**AIM OF THE EXERCISE:**
Pick out every line of the entries below where "image" occurs, and copy those lines.

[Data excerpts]
┌──
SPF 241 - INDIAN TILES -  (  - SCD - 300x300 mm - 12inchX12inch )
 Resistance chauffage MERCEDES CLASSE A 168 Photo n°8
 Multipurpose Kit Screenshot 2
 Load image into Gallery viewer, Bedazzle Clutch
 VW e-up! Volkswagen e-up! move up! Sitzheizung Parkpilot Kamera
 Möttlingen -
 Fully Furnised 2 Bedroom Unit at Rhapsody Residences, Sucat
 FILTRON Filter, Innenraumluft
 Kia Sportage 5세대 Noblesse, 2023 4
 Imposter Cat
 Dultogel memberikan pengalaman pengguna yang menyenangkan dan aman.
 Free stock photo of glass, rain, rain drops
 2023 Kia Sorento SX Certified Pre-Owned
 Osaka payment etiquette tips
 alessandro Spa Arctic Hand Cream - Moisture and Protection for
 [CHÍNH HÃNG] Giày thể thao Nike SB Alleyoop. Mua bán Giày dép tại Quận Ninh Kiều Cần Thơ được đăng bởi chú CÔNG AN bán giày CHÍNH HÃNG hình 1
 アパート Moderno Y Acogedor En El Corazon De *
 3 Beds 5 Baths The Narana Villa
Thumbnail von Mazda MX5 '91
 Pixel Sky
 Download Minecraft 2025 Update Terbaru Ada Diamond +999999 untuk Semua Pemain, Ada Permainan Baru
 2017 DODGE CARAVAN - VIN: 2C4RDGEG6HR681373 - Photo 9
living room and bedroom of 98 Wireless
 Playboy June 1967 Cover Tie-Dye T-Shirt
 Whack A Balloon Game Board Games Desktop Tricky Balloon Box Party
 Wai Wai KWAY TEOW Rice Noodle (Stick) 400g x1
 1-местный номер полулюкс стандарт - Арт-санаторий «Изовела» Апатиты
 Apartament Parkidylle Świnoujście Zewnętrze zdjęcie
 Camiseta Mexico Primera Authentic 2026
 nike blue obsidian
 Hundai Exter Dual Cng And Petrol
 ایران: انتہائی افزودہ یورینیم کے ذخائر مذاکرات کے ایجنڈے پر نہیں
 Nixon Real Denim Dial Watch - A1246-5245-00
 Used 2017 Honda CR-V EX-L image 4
└──
**REPLY:**
 Load image into Gallery viewer, Bedazzle Clutch
 Used 2017 Honda CR-V EX-L image 4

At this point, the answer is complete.